--- MATERIAL PROVIDED Enclosed Below ---

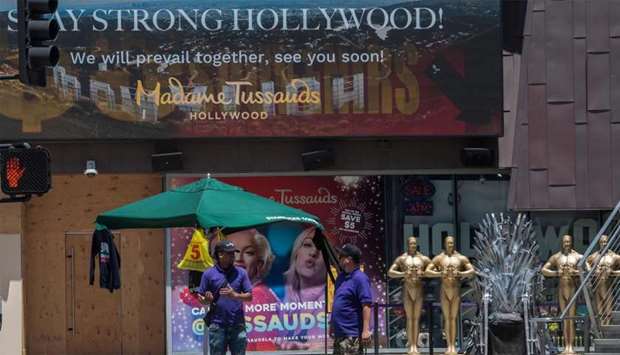 Visitors visit a newly opened tourist store which had been shut due to the Covid-19 virus, on Hollywood Blvd, Hollywood, California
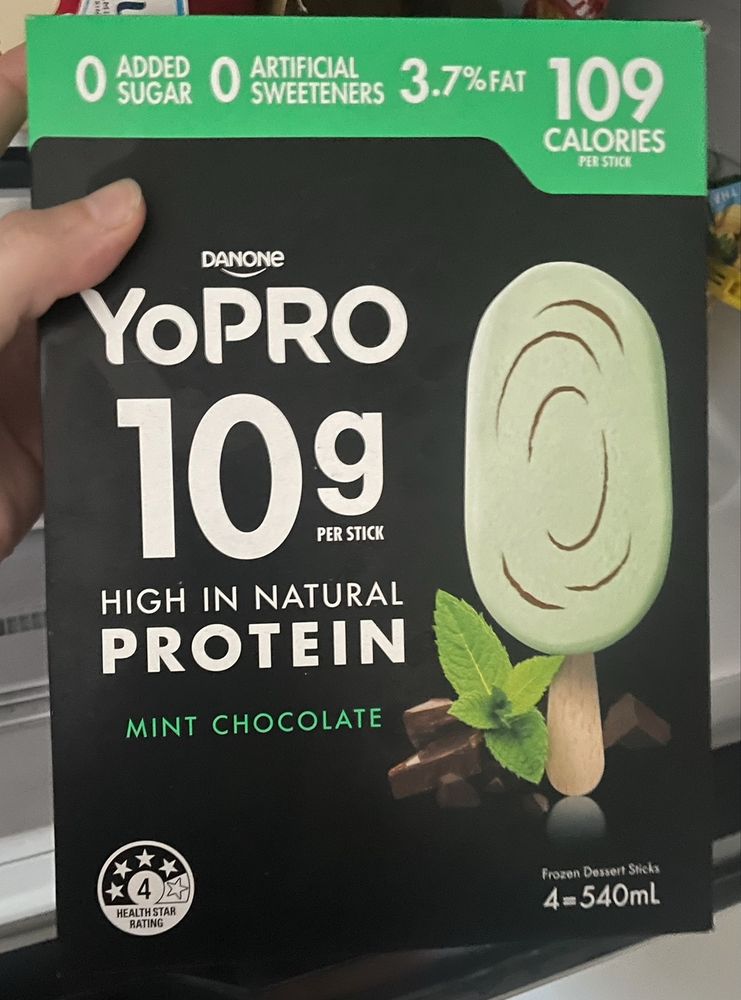 Photo of a box of individual ice creams held with one hand, in front of an open freezer. Text on the box reads “0 added sugar 0 artificial sweeteners 3.7% fat 109 calories”
“Danone YoPRO 10g per stick high in natural protein. Mint chocolate”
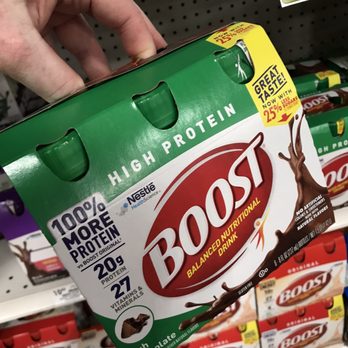 Giant Eagle - Boost protein drink - A person’s hand is gripping a box of Boost high protein nutritional drink on store shelves, with other Boost products visible in the background. - Grocery Near Me - Heath, Ohio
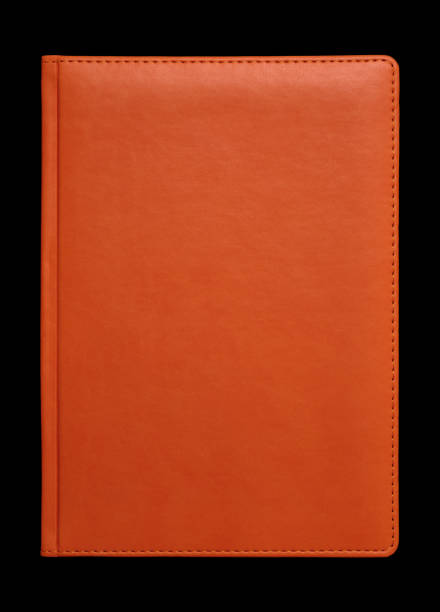 funda de libro de cuero naranja sobre negro - passport blank book cover empty fotografías e imágenes de stock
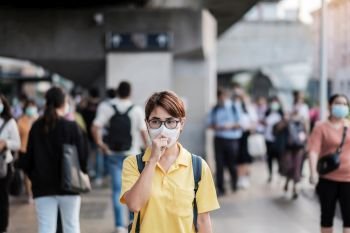 young Asian woman wearing protection mask against Novel coronavirus (2019-nCoV) or Wuhan coronavirus at public train station,is a contagious virus that causes respiratory infection.Healthcare concept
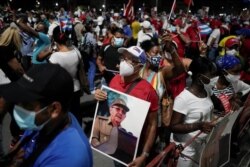 A man holds an image of Cuba's former President and First Secretary of the Communist Party Raul Castro during a rally amid concerns about the spread of the coronavirus disease (COVID-19) in Havana, Cuba, July 17, 2021. REUTERS/Alexandre Meneghini
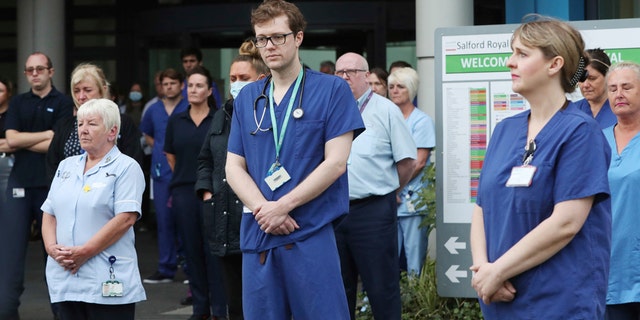 Staff stand outside Salford Royal Hospital in Manchester, England, Tuesday April 28, 2020, during a minute's silence to pay tribute to the NHS staff and key workers who have died during the coronavirus outbreak. (Peter Byrne/PA via AP)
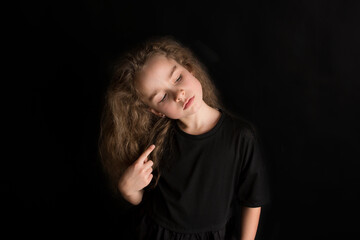 Young positive child in headphones listening music with fun raise hands up. Funny girl wear stylish protective face mask due coronavirus COVID 19 pandemic. Family lifestyle on summer school holidays.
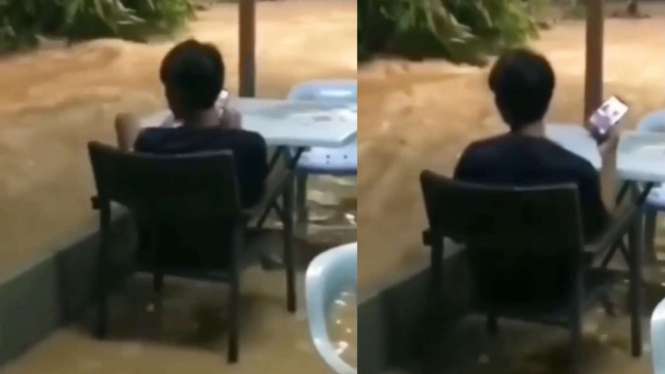 Viral seorang pemuda santai duduk walaupun banjir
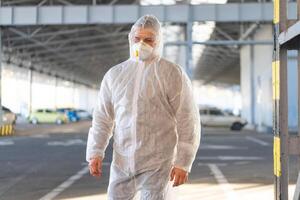 COVID-19 coronavirus doctor standing hospital parking dressed white protective overalls hazmat suit. photo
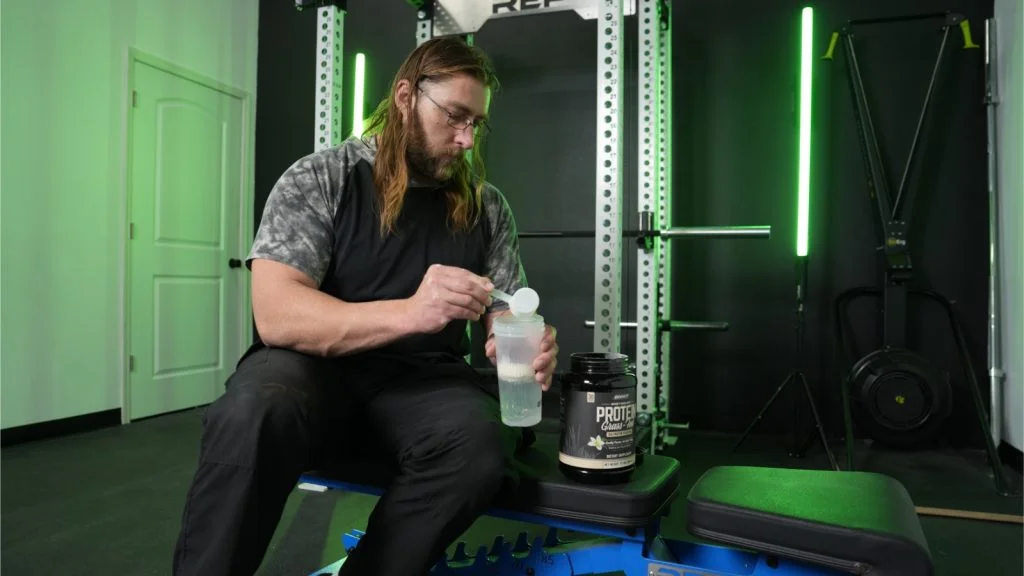 Our tester dumps a scoop of Onnit Whey Protein.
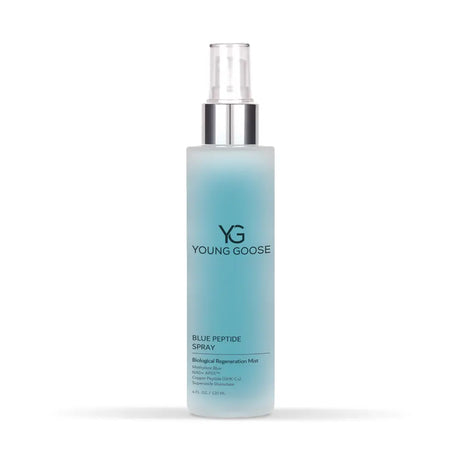 A bottle of Young Goose Blue Peptide Spray with a frosted light blue body, a silver pump collar, and a clear spray top, shown on a white background.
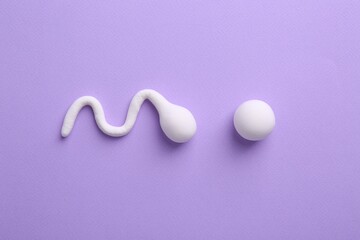 Fertilization concept. Sperm and egg cells on violet background, top view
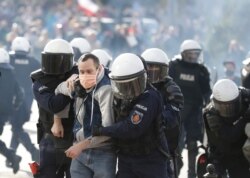 Polish police in riot gear detain protesters angry over new restrictions aimed at fighting the coronavirus pandemic, in Warsaw, Oct. 24, 2020.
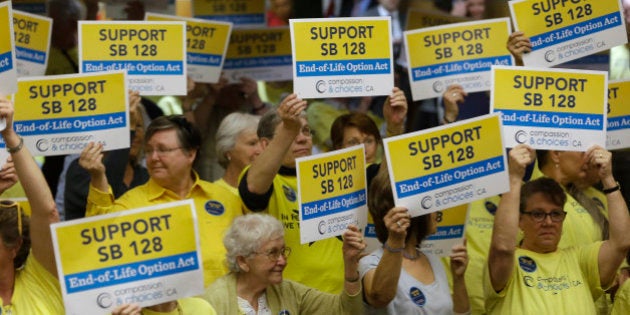 Supporters of proposed legislation allowing doctors to prescribe life ending medication to terminally ill patients, hold up signs of support during a hearing on the bill in the Senate Health Committee at the Capitol in Sacramento, Calif., Wednesday March 25, 2015. Brittany Maynard, a 29-year-old San Francisco Bay Area woman who had terminal cancer, moved to Oregon where she could legally end her life. The bill was approve by the committee by a 5-2 vote.(AP Photo/Rich Pedroncelli)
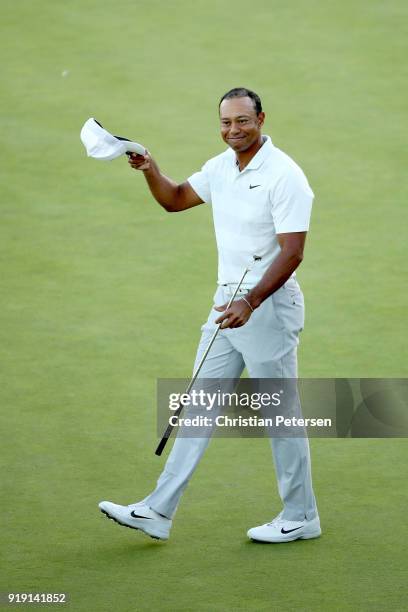 Tiger Woods acknowledges fans after finishing his round on the 18th green during the second round of the Genesis Open at Riviera Country Club on...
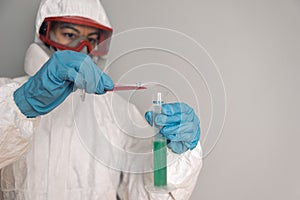 Portrait of woman with lab coat, nitrile gloves, goggles, face mask and NBC protection suit for covid-19 coronavirus,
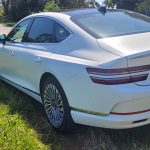 Matte White 2024 Genesis G80 electric rear quarter panel view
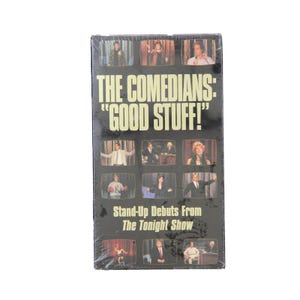 Puede incluir: Una cinta VHS negra titulada "THE COMEDIANS: 'GOOD STUFF!'" con debuts de stand-up de The Tonight Show. La portada muestra un collage de imágenes de comediantes actuando en el escenario.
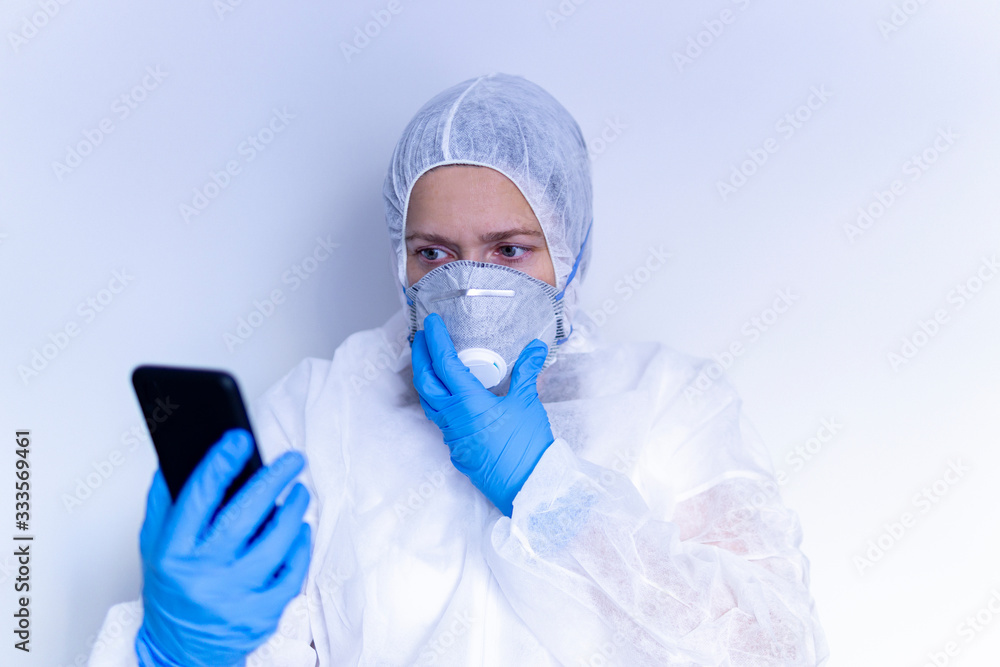 coronavirus. Doctor talking on the phone with protective measures against covid-19 coronavirus. Doctor talking on the phone with protective measures against covid-19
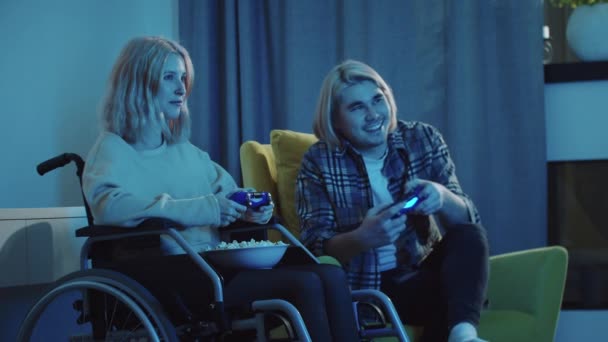 Pareja rubia de hombre y mujer jóvenes en una silla de ruedas sentados en la sala de estar y jugando con joysticks - Imágenes, Vídeo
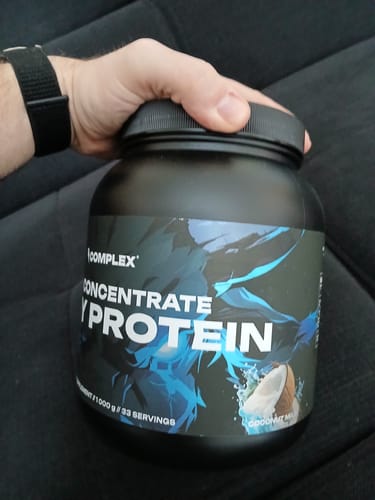 Reviewer holding a large black tub of Complex CFM Whey Protein in the Coconut Milk flavor.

--- End of Enclosed MATERIAL PROVIDED ---

**EXERCISE**
Look above for the line containing "Giant Eagle - Boost", then write out every line from there down to the line containing "A man holds", that line included, with no pictures.

**YOUR RESPONSE**
 Giant Eagle - Boost protein drink - A person’s hand is gripping a box of Boost high protein nutritional drink on store shelves, with other Boost products visible in the background. - Grocery Near Me - Heath, Ohio
 funda de libro de cuero naranja sobre negro - passport blank book cover empty fotografías e imágenes de stock
 young Asian woman wearing protection mask against Novel coronavirus (2019-nCoV) or Wuhan coronavirus at public train station,is a contagious virus that causes respiratory infection.Healthcare concept
 A man holds an image of Cuba's former President and First Secretary of the Communist Party Raul Castro during a rally amid concerns about the spread of the coronavirus disease (COVID-19) in Havana, Cuba, July 17, 2021. REUTERS/Alexandre Meneghini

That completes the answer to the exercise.